** Records provided follows **

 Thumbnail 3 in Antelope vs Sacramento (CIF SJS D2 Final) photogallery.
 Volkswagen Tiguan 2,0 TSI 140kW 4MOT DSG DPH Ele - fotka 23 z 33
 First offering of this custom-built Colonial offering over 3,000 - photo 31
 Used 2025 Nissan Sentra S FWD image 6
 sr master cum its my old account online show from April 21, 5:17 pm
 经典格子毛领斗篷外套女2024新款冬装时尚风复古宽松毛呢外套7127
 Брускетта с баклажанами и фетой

** End of Records provided **
** Records provided follows **

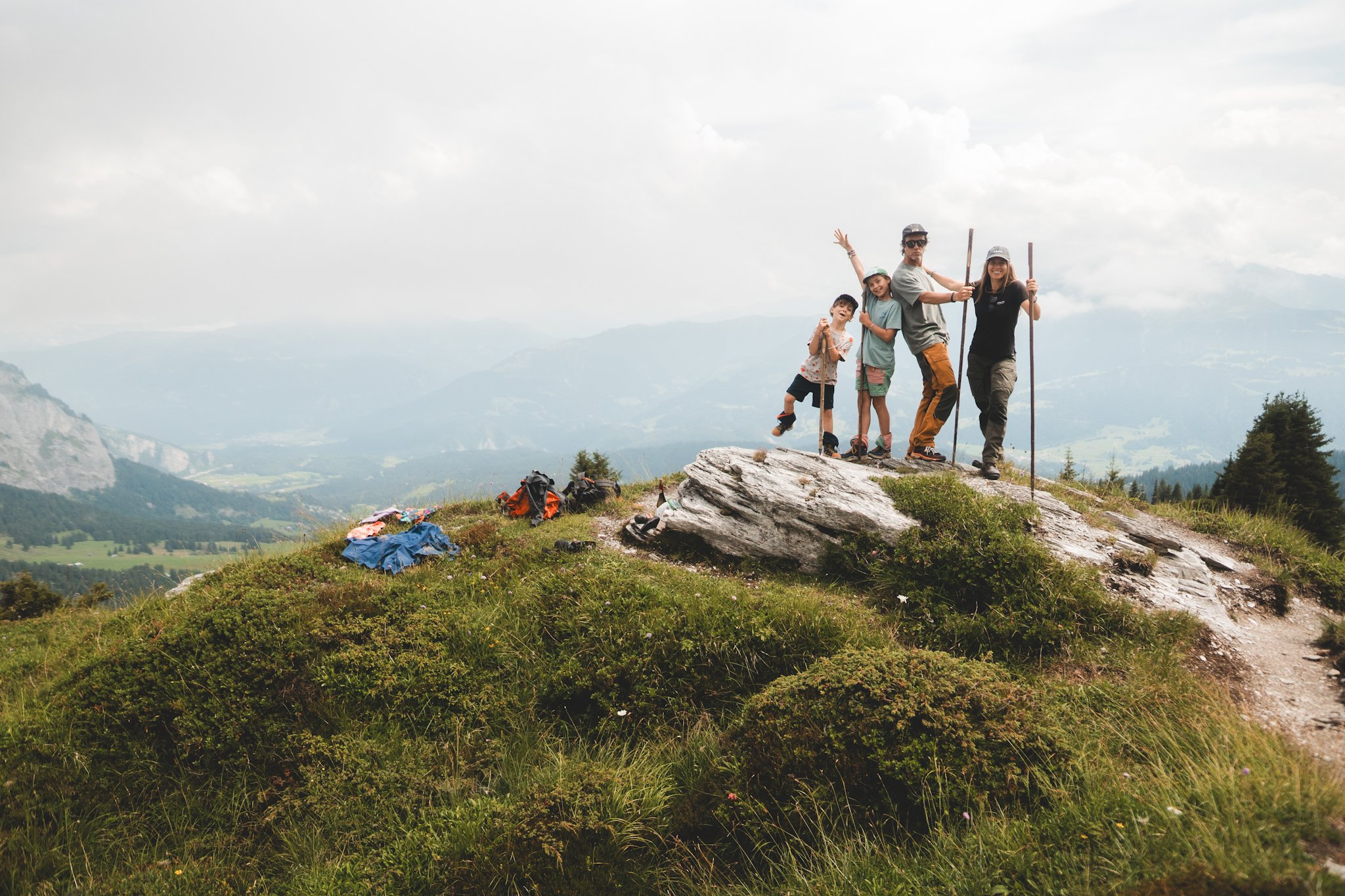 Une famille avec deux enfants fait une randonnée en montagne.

** End of Records provided **
** Records provided follows **

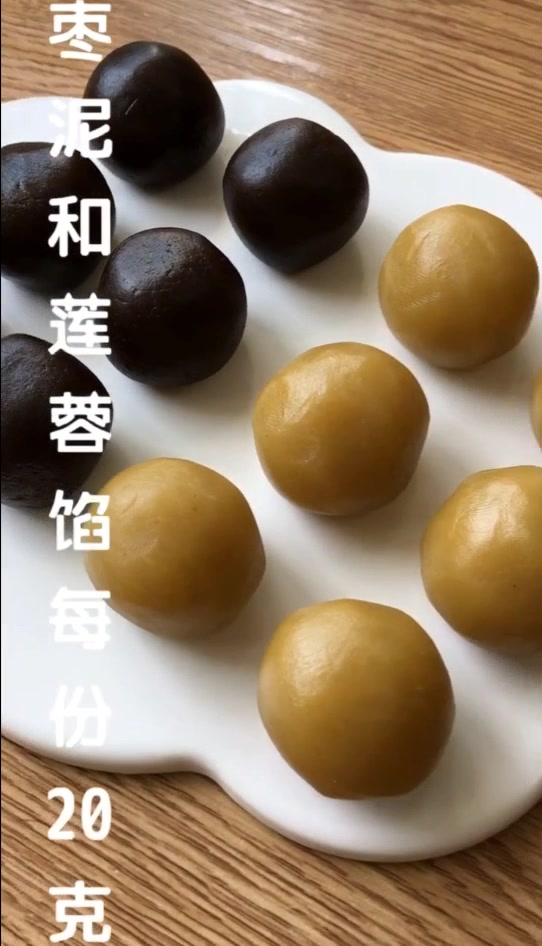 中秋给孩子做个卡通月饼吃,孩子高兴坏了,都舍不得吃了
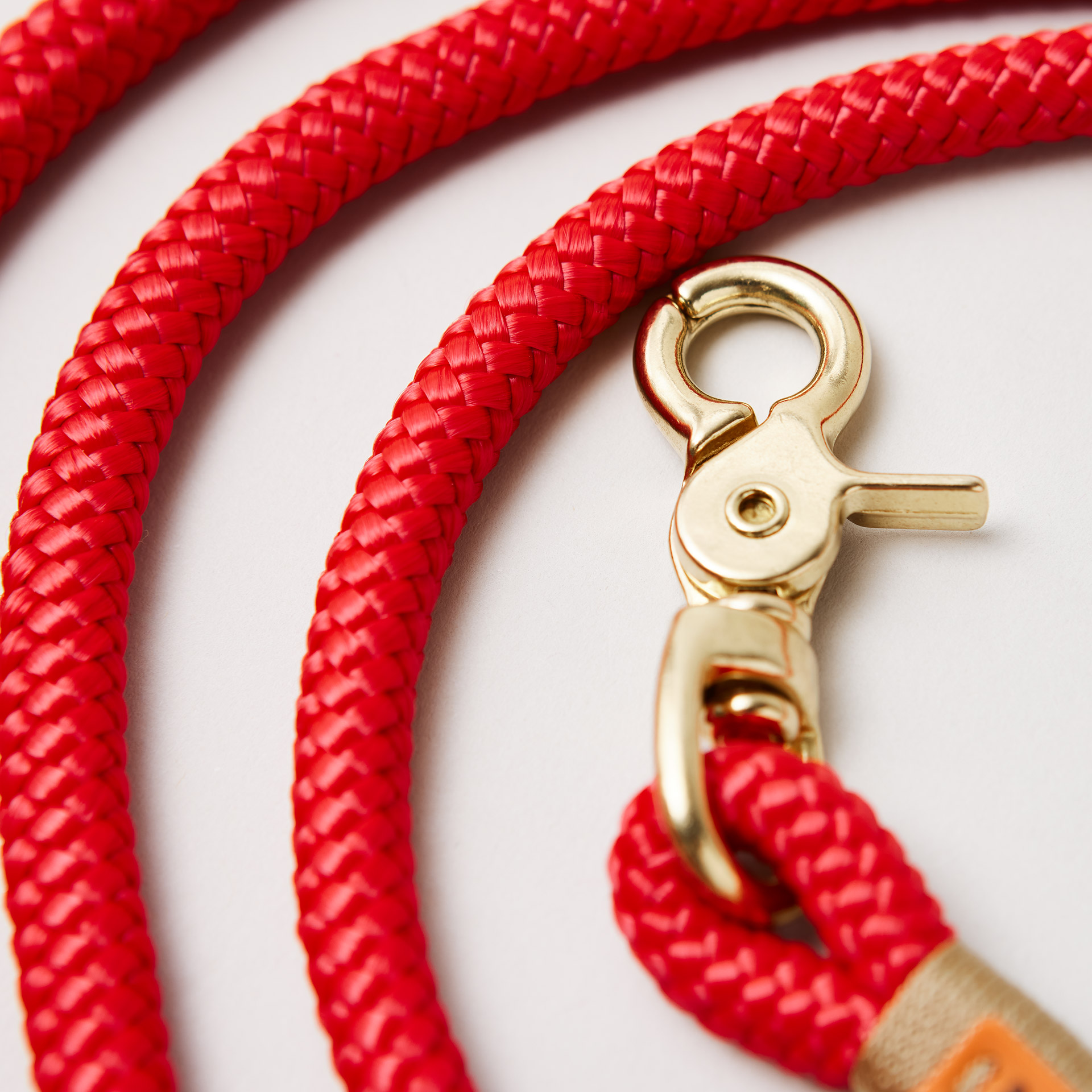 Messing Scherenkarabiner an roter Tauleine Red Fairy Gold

** End of Records provided **

[Instructions for the task]
In the listing above, locate the line containing "Used 2025 Nissan Sentra S FWD image 6" and the line containing "Брускетта с баклажанами и фетой", then transcribe both and every line between them verbatim.

[Output below]
 Used 2025 Nissan Sentra S FWD image 6
 sr master cum its my old account online show from April 21, 5:17 pm
 经典格子毛领斗篷外套女2024新款冬装时尚风复古宽松毛呢外套7127
 Брускетта с баклажанами и фетой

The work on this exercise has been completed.